事業概要
当期決算期(2026年3月期)において、同社は電子部品のプリント基板、コネクター、リードフレーム等に使用される貴金属めっき薬品の開発、製造、販売を主軸事業として展開しています。企業の理念である「化学の好奇心でエレクトロニクスに役立てる」に基づき、特にエレクトロニクス分野をターゲットに、半導体パッケージ基板、コネクター、リードフレームといった最終製品の接点・接続部位の信頼性向上に不可欠なめっき薬品を提供しています。

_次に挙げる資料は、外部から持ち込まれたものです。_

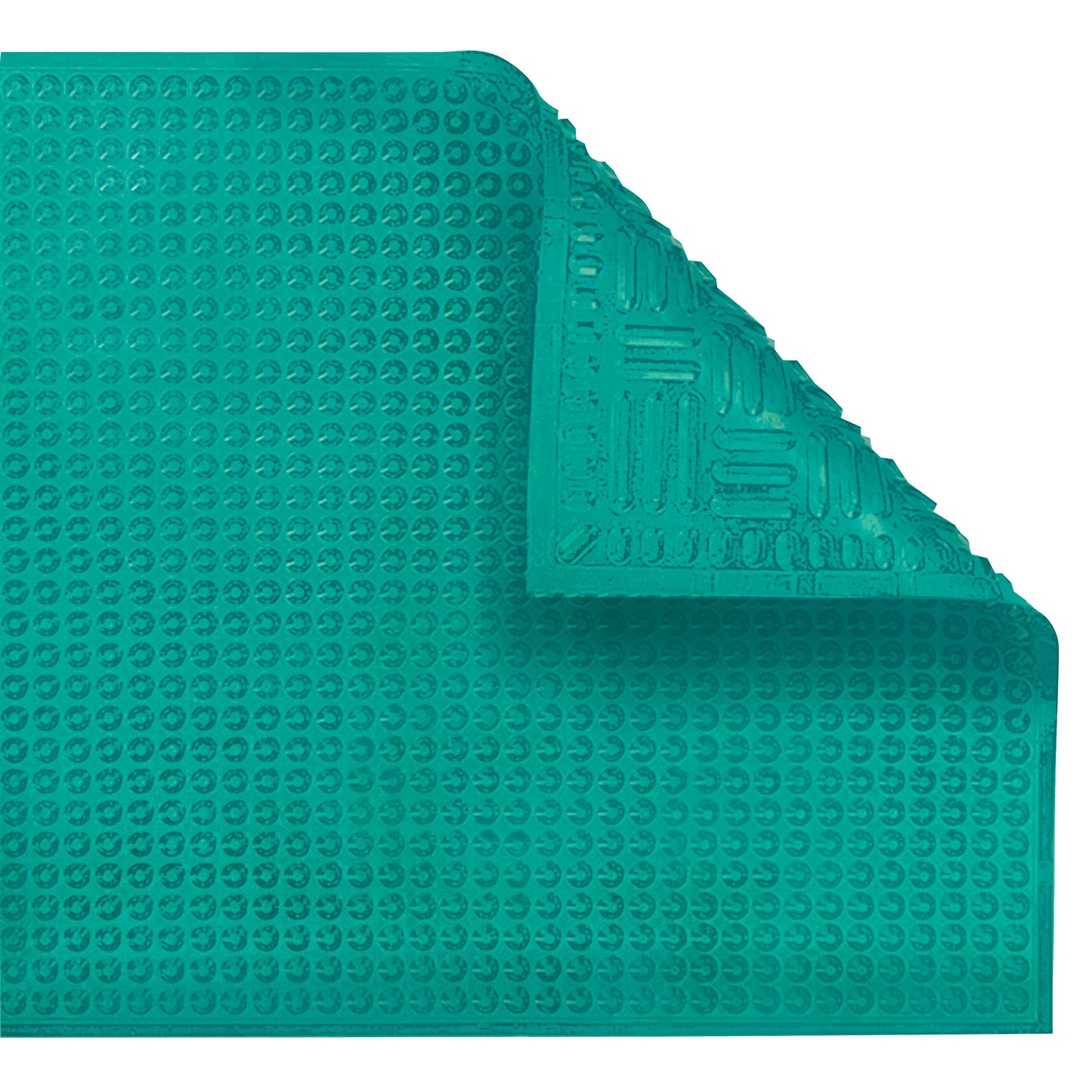 ERGOMAT Hygiene Nitrile Floor Mat in turquoise, featuring a textured surface with raised circular patterns and a corner partially folded.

貴金属(金、銀、パラジウム)は腐食・酸化しにくい特性を持つため、電子機器の高密度実装における接続不良を防ぎ、部品の信頼性を高める上で重要な役割を果たします。同社は、海外技術に依存せず、長年にわたり蓄積された独自の開発技術を基盤に、顧客ニーズに密着した製品開発と、プロセスアドバイスやアフターフォローを含む総合的な提案を通じて、市場での地位を確立しています。
直近決算ハイライト
2026年3月期の業績は、売上高が181億円と前期比43.3%の大幅な増加を達成しました。これは、AIサーバーやデータセンター向け需要の拡大に牽引され、半導体パッケージ、モジュール、メモリ向けの需要が好調であったことが大きく寄与しています。パソコン向けも堅調に推移しました。営業利益は6億円で前期比14.7%増、経常利益は8億円で前期比18.0%増、当期純利益は18億円で前期比14.2%増と、増収効果を反映して各利益段階で増加しました。売上総利益率は10.7%と前期の12.9%から低下しましたが、これは売上原価率が89.3%と前期の87.1%から上昇したためです。販売費及び一般管理費は、人的資本への先行投資や研究開発費の増加により236百万円増加し、13.6億円となりました。純資産は116億円(前期比11.1%増)、総資産は217億円(前期比37.1%増)と、ともに増加しました。
強みと競争優位性
同社の強みは、貴金属めっき薬品というニッチでありながらもエレクトロニクス産業に不可欠な分野に特化し、長年にわたり培ってきた独自の開発技術とノウハウにあります。特に、海外からの技術導入に頼らない自社開発体制は、同社ならではの競争優位性を築いています。貴金属めっき薬品は、その複雑な組成から、分析による同等品としての参入が容易ではないという参入障壁が存在します。また、貴金属価格の変動に対して、顧客との契約が当日の建値を基準とし、受注と同時に貴金属を発注する仕組みにより、利益額への影響を抑制している点も、安定した事業運営に貢献しています。さらに、企業理念に沿った技術者集団としての高い専門性と、顧客ニーズに密着した総合的な提案力は、強固な顧客基盤の構築に繋がっています。近年では、DX化の進展やAI関連需要の拡大といった市場の変化を捉え、事業戦略を「RDD2030」として進化させることで、既存市場でのシェア維持・拡大に加え、新たな市場開拓への意欲を示しています。
リスク要因
同社は電子機器業界の動向、特にスマートフォンやパソコン市場の変動に業績が大きく左右されるリスクを抱えています。また、主要原材料である貴金属の国際商品市況や地政学リスク(ウクライナ侵攻、中東情勢、台湾有事等)による価格高騰や供給制限も懸念されます。為替変動も、輸出比率が51.9%(2026年3月期)と高いことから、業績に影響を与える可能性があります。研究開発活動が計画通りに進まなかった場合や、特許出願が不成立、あるいは第三者の知的所有権を侵害するリスクも存在します。さらに、機密性の高い技術情報の流出・漏洩リスクも、ITツールの普及や働き方の変化に伴い、潜在的な脅威となっています。人材の確保・育成も、事業拡大に伴う課題として挙げられます。これらのリスクに対し、同社は在庫最小化、為替予約、情報管理体制の強化、人材育成策などを実施していますが、リスクを完全に排除することは困難です。
投資テーマとの関連
同社は、エレクトロニクス産業の根幹を支えるファインケミカル企業として、AIや半導体といった最先端技術分野と深い関連を持っています。生成AIやAI搭載機器の需要拡大は、半導体パッケージ、モジュール、メモリ向けの高性能・高品質めっき薬品への需要を直接的に押し上げており、同社の主力製品への追い風となっています。また、自動車のEV化・電装化の加速も、車載用電子部品における高性能めっき薬品の需要を増加させる要因です。同社は、めっき技術で培った酸化還元(Redox)技術を応用し、電池材料開発といった新たな事業領域の創出も目指しており、これはクリーンエネルギーや次世代モビリティといった投資テーマとも関連が深いです。これらのメガトレンドを背景に、同社の独創性や知的財産を活かした事業機会は、今後ますます広がっていく可能性を秘めています。